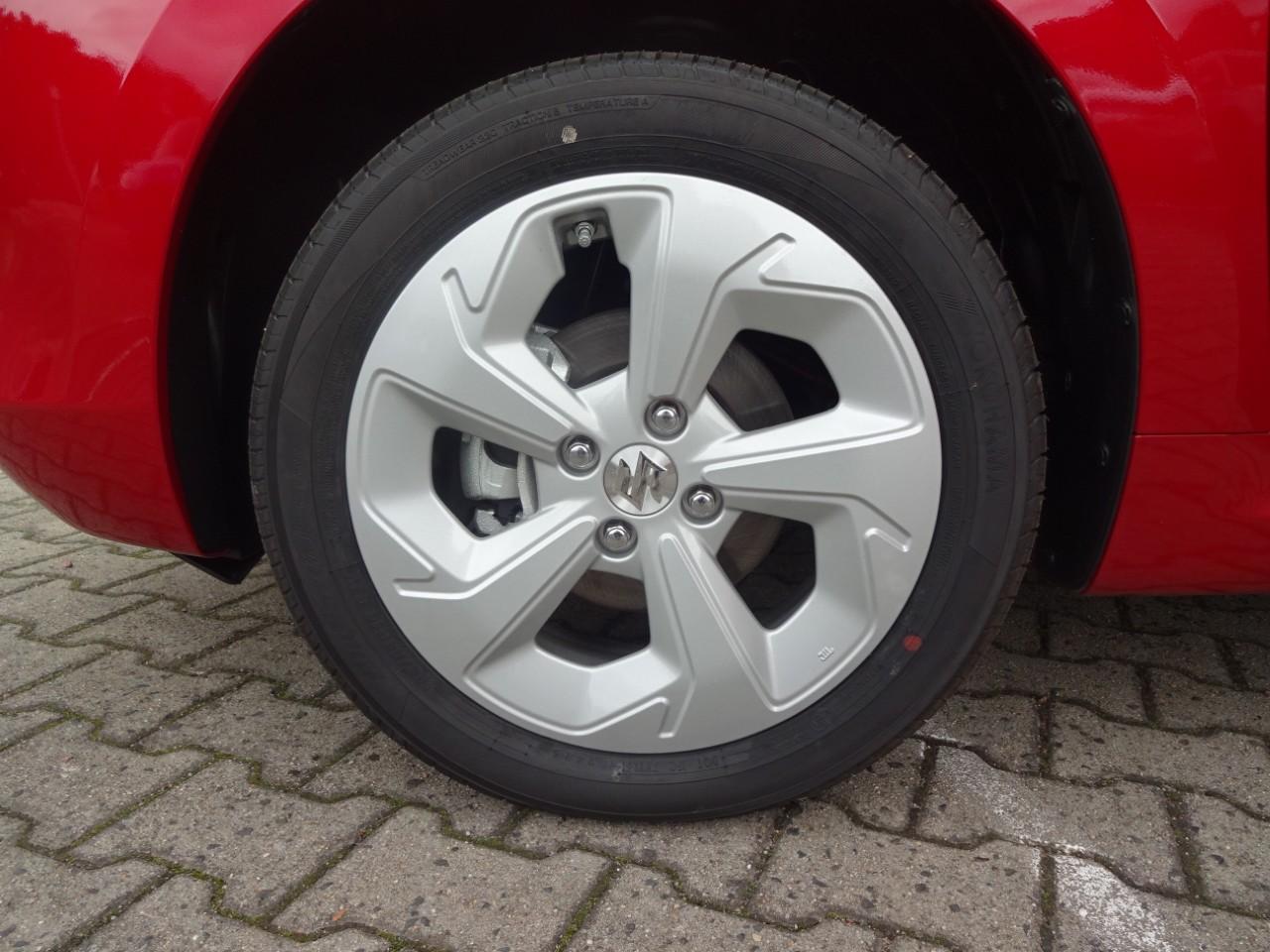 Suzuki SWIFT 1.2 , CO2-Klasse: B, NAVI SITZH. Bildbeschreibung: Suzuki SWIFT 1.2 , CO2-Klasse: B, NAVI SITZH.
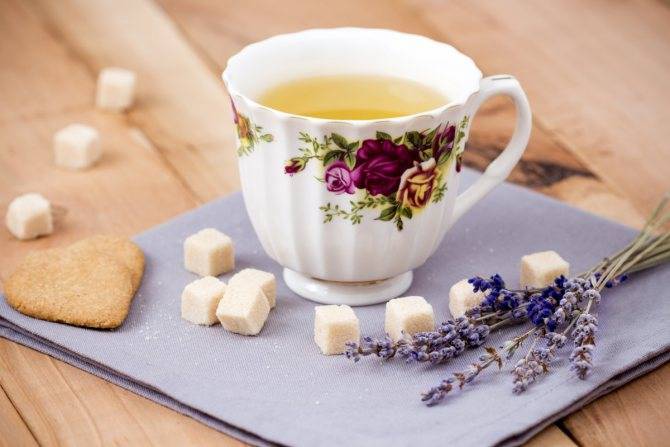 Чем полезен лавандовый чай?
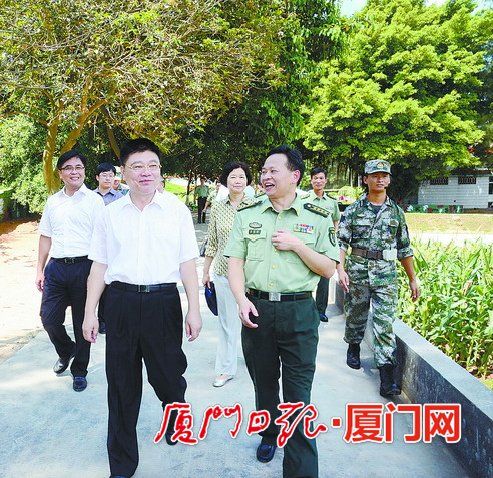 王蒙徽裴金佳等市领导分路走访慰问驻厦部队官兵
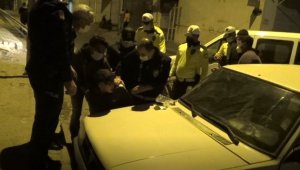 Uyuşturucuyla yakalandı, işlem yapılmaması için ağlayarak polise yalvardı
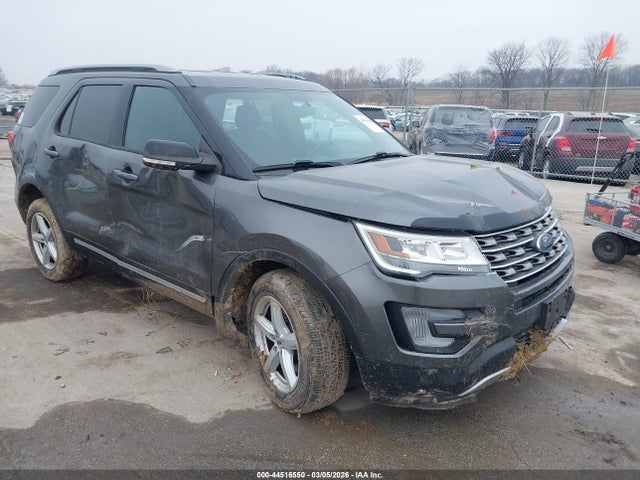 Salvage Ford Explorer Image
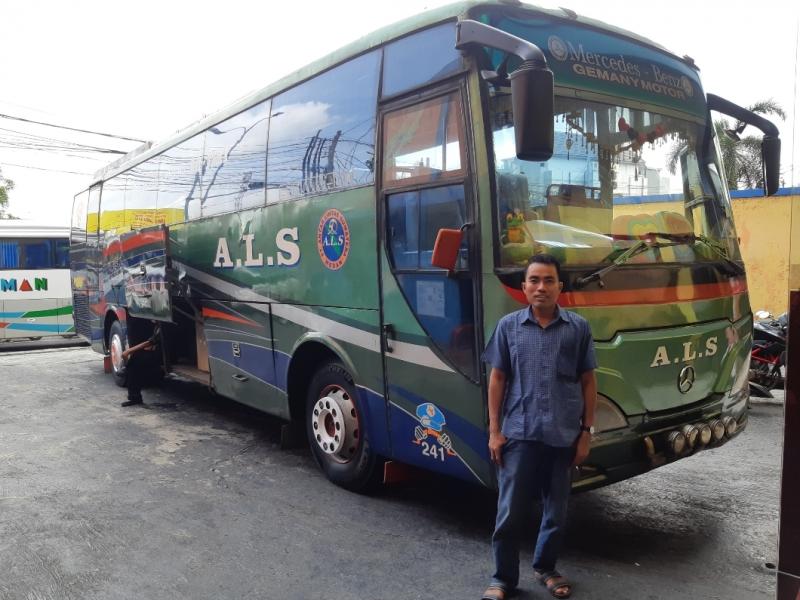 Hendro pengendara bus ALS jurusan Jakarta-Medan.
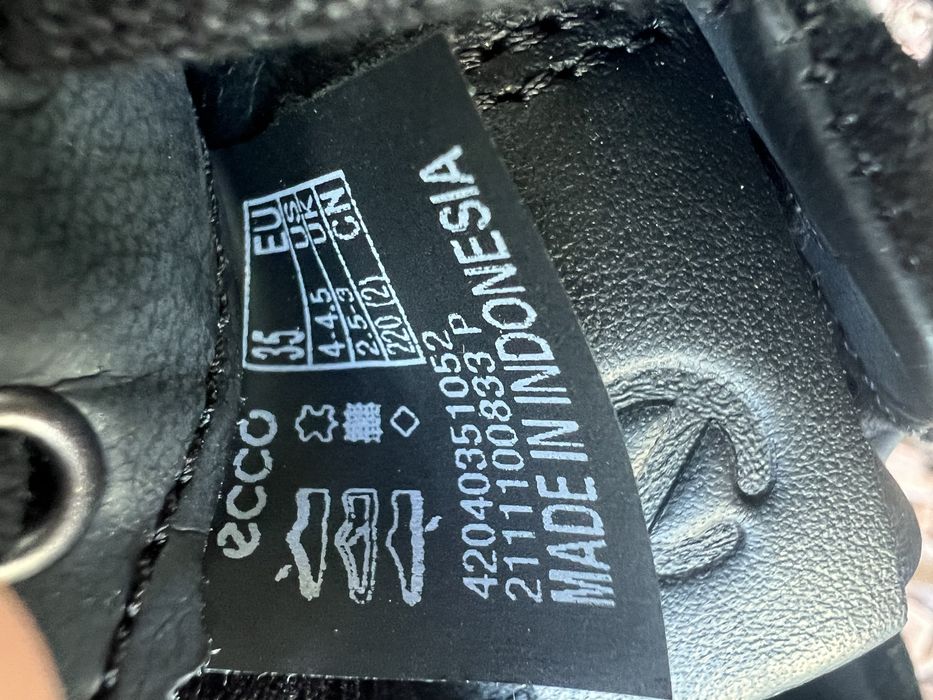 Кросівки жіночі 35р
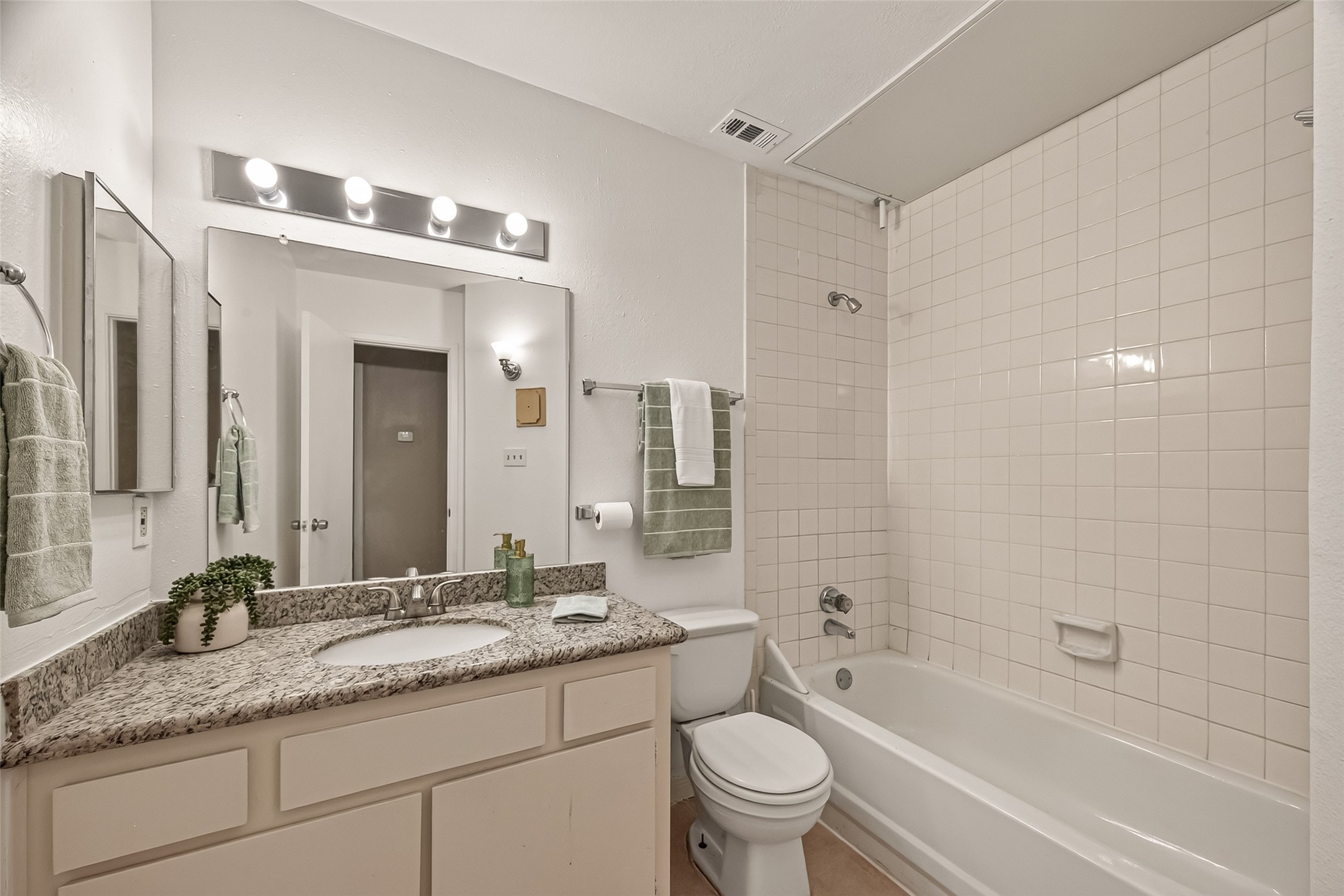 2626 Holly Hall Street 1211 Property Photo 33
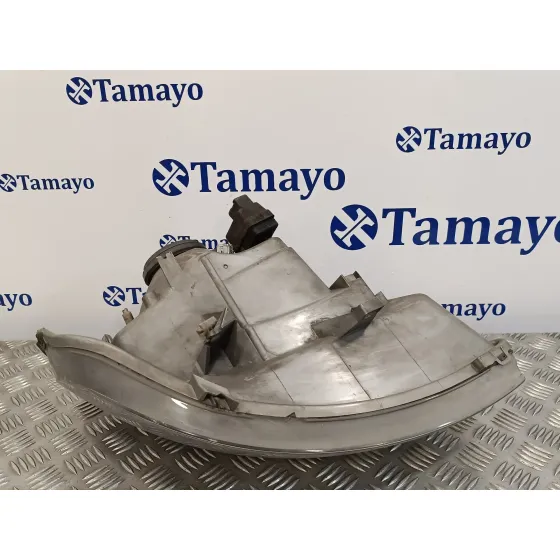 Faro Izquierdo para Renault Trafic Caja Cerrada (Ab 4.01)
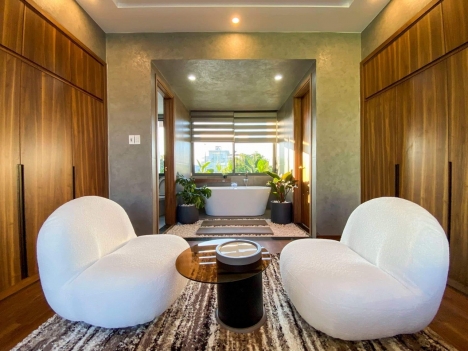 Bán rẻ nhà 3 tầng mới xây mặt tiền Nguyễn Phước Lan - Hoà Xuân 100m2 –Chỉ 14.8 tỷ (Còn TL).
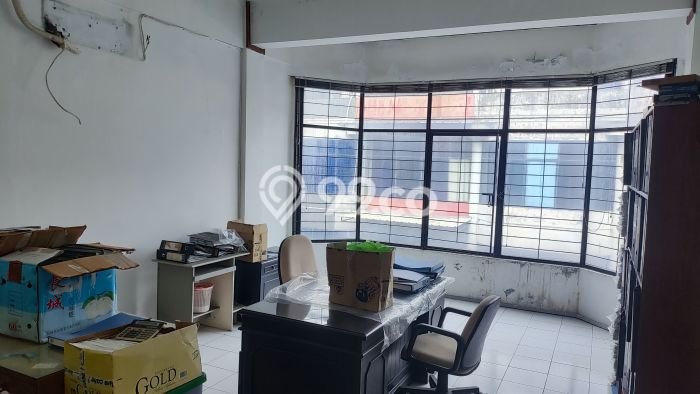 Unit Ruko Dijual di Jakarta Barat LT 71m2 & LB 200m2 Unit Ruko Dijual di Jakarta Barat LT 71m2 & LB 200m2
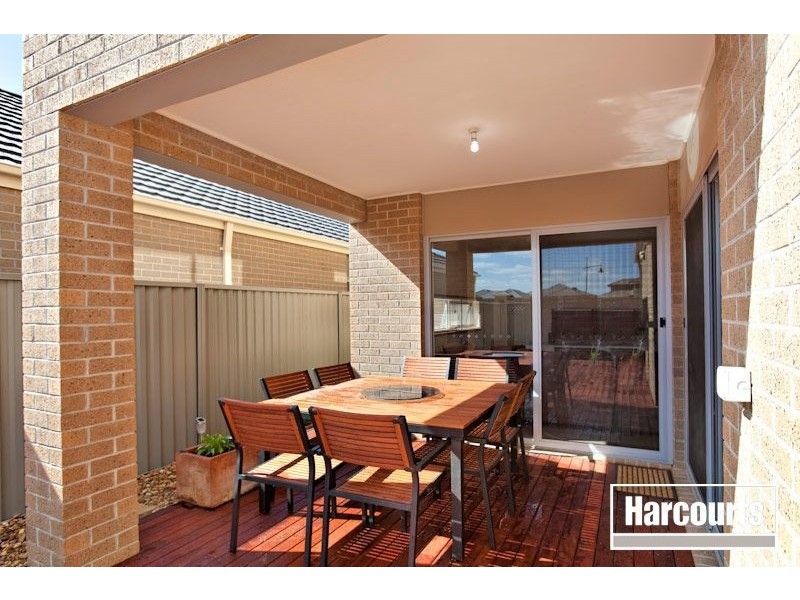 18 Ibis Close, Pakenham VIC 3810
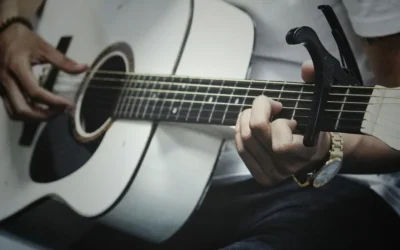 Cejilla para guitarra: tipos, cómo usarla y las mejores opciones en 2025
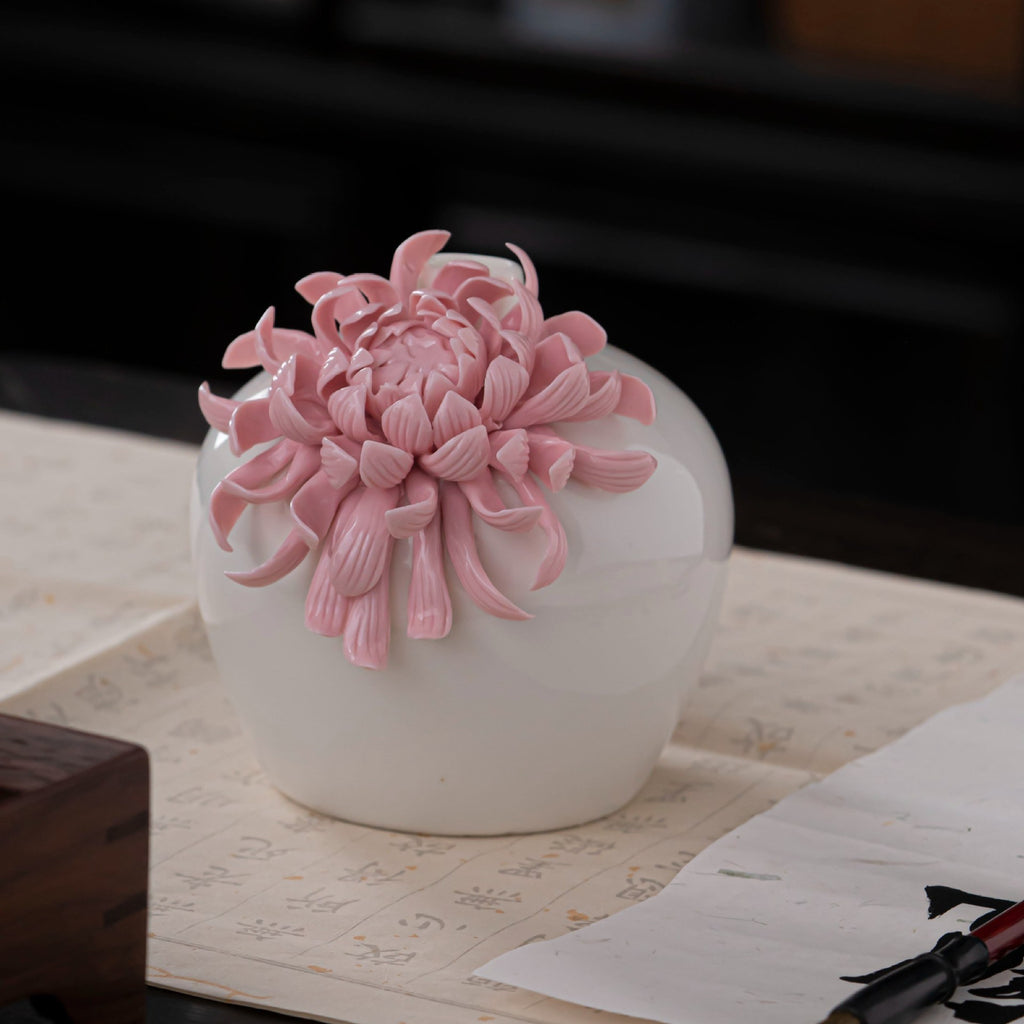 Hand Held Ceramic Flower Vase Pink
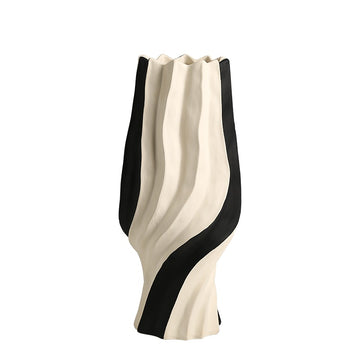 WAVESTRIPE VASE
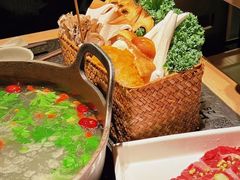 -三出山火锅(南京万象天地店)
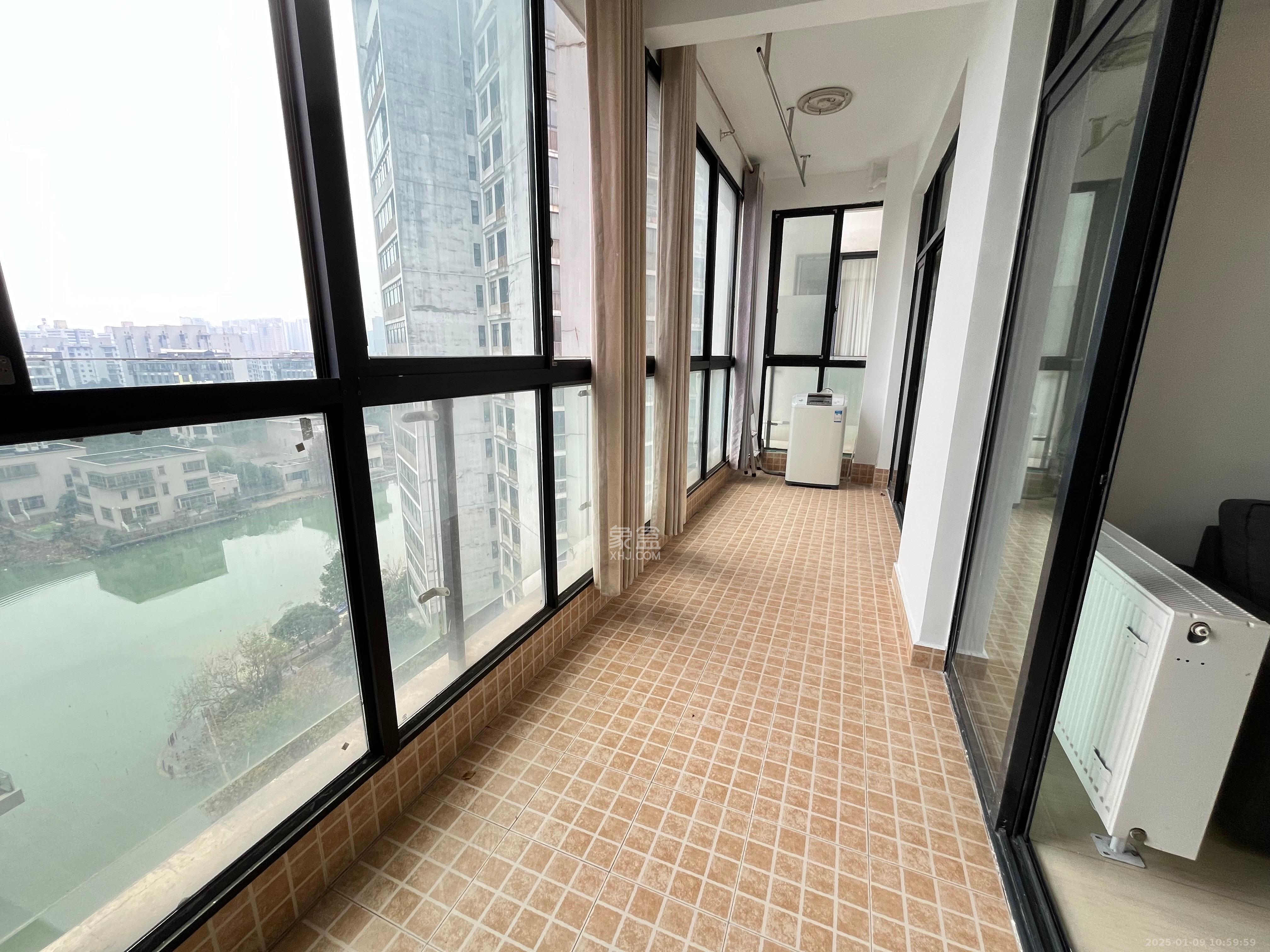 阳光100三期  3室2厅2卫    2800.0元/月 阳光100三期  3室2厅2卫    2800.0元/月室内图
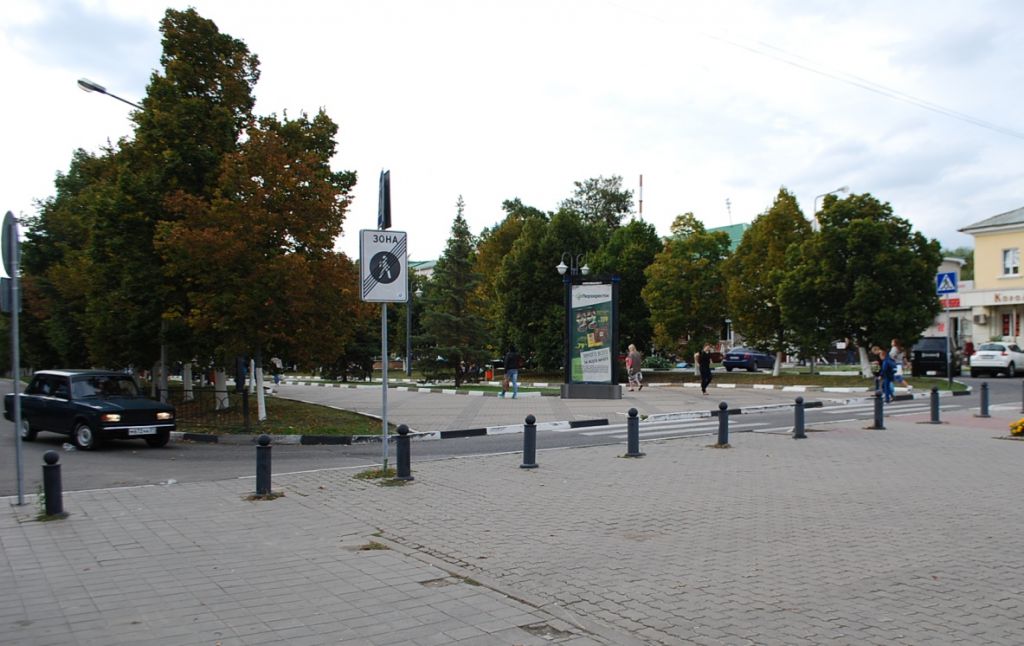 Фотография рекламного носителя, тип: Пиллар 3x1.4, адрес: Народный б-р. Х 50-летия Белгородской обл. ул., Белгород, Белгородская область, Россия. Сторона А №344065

++++++++++++++++++++

INSTRUCTIONS TO FOLLOW:
Return the opening line of the data above and every line after it up to and including the line that holds "18 Ibis Close, Pakenham VIC 3810"; pictures stay out.

RESULT FOR THIS TASK:
 Suzuki SWIFT 1.2 , CO2-Klasse: B, NAVI SITZH. Bildbeschreibung: Suzuki SWIFT 1.2 , CO2-Klasse: B, NAVI SITZH.
 Чем полезен лавандовый чай?
 王蒙徽裴金佳等市领导分路走访慰问驻厦部队官兵
 Uyuşturucuyla yakalandı, işlem yapılmaması için ağlayarak polise yalvardı
 Salvage Ford Explorer Image
 Hendro pengendara bus ALS jurusan Jakarta-Medan.
 Кросівки жіночі 35р
 2626 Holly Hall Street 1211 Property Photo 33
 Faro Izquierdo para Renault Trafic Caja Cerrada (Ab 4.01)
 Bán rẻ nhà 3 tầng mới xây mặt tiền Nguyễn Phước Lan - Hoà Xuân 100m2 –Chỉ 14.8 tỷ (Còn TL).
 Unit Ruko Dijual di Jakarta Barat LT 71m2 & LB 200m2 Unit Ruko Dijual di Jakarta Barat LT 71m2 & LB 200m2
 18 Ibis Close, Pakenham VIC 3810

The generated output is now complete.